The book as since been mixed and remixed several times in several different languages, both programming languages and natural languages. There is even an on-line interactive edition.

Seeing Dr. Chuck's video made me reflect on my 22 year journey as an open educational resource activist, and I thought now might be a good opportunity to write a bit of that history down, so that as old age approaches, I won't forget it all. It has been a joyous journey, and I feel fortunate to have been a part in turn of the free software movement, the Python community, and the open educational resources project.

 

1994

I enrolled in a masters degree program at Bowie State University.  The computing environment there consisted of a VAX machine loaded with GCC.  GCC introduced me to the GNU project and the free software movement, which appealed immediately to my left-wing politics and knee-jerk egalitarianism.

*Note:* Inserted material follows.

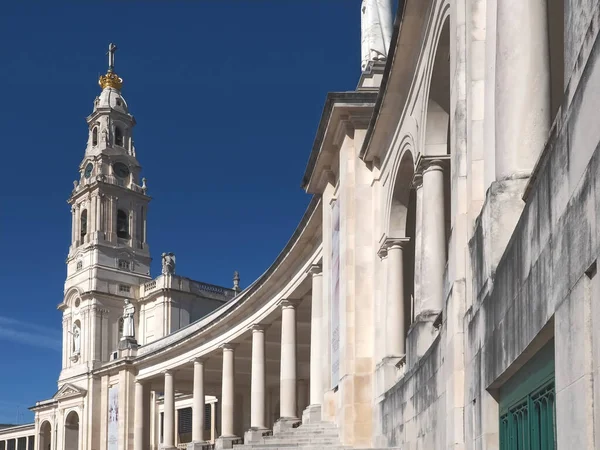 Katedrála Fatima Portugalsku Poblíž Lisabonu Modrou Oblohou — Stock fotografie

Wanting to run GCC on my home PC, I found GNU/Linux. My first distribution was Yggdrasil followed by Slackware.

 

1995

I participated in a Summer workshop organized by Prince George's County Public School's visionary supervisor of Mathematics, Dr. Martha Brown, in which she brought together a group of math teachers from the school system to create our own educational resources.  The experience was both liberating and invigorating, but we failed to develop an effective means of distributing the materials we made once we were finished making them. It occurred to me that the World Wide Web, which was just coming into common use then, could provide such a mechanism for the collaborative development and distribution of educational materials. 

 

1999

Motivated by the College Board's switch from Pascal to C++, I went looking for a suitable programming language for our first year programming course and found Python.  Python was wonderful and the community was warm and welcoming, but at the time there were no textbooks using the language for introductory programming (and I don't think another high school anywhere in the world using Python).  Looking on the web, I found Allen Downy's Java textbook, How to think like a computer scientist.  HTTLCS was released under the GNU GPL, and I was thus free to make changes to it.  While I didn't feel competent to write a textbook from scratch, I did feel able to translate Allen's Java textbook into the Python textbook I needed, so that's what I did.  Soon after starting the translation process I setup the Open Book Project on ibiblio to host the work.

 

2007

The Knowledge Trust honored me with their Education Award.  I'm not usually one for pomp and circumstance, but I have always treasured this award, since I know it was given in the same spirit in which it was earned.  While I tend to be much more intrinsically than extrinsically motivated, it does feel good to be recognized for my efforts by folks for whom I have the deepest respect.

As I embark this year on new OER projects for Firefox OS, GIS, and MicroPython, it is great to have the opportunity to take a brief look back.